Die Bundesagentur für Arbeit muss den Gebärdendolmetscher für einen gehörlosen Auszubildenden bezahlen. Das geht aus einem Urteil des rheinland-pfälzischen Oberverwaltungsgerichts hervor. In dem verhandelten Fall geht es um einen 20-jährigen gehörlosen Mann, der 2008 eine Ausbildung zum Karosserie- und Fahrzeugmechaniker begonnen hatte. Für die Berufsschule stellte ihm das zuständige Landesamt für Soziales, Jugend und Versorgung einen Dolmetscher zur Verfügung.
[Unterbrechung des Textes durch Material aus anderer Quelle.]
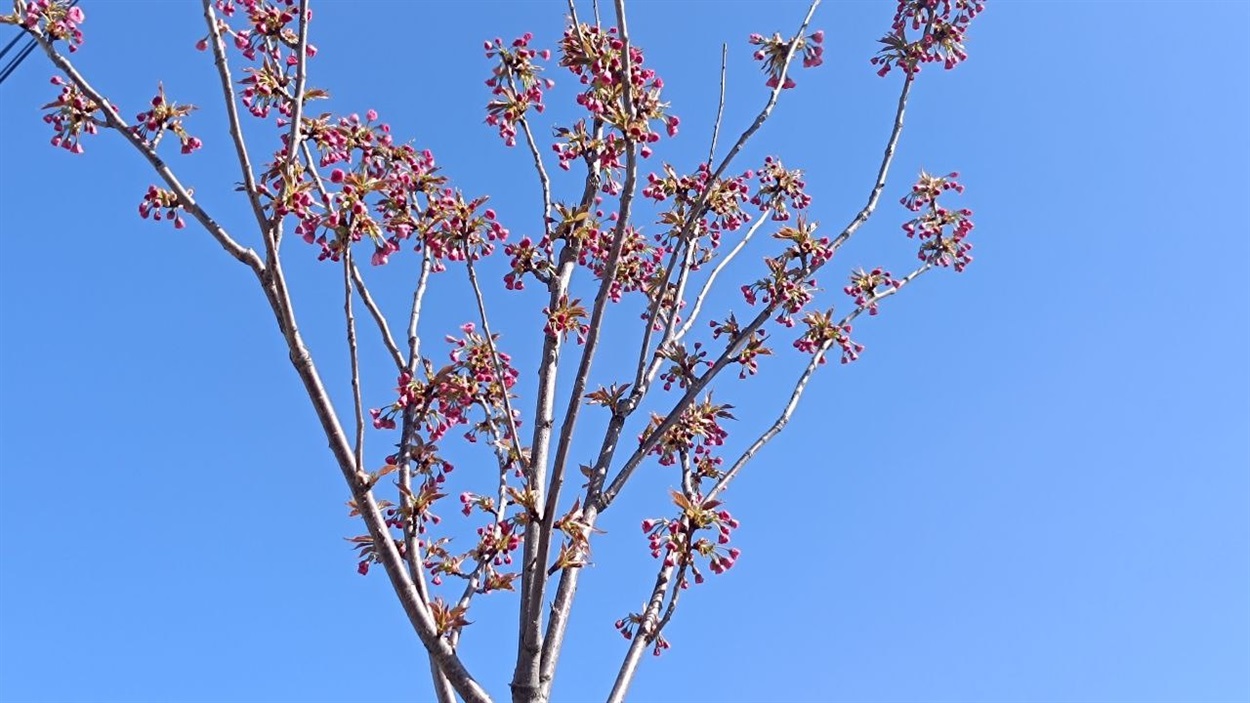 Сакура у Пересялаві на вул. Б.Хмельницького. 12 квітня  2024 р.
Die bisher entstandenen Kosten – bisher etwa 7.500 Euro – wollte das Landesamt nun von der Bundesagentur für Arbeit erstattet bekommen. Das lehnte die Behörde jedoch ab. Die Koblenzer Richter bestätigten jetzt jedoch die Auffassung des Landesamtes. Da es sich bei dem Gebärdendolmetscher um „eine Maßnahme zur beruflichen Rehabilitation im Rahmen der Arbeitsförderung“ handele, müssten die Kosten auch von der Bundesagentur übernommen werden, die Träger solcher Maßnahmen ist (Az.: 7 A 10405/11).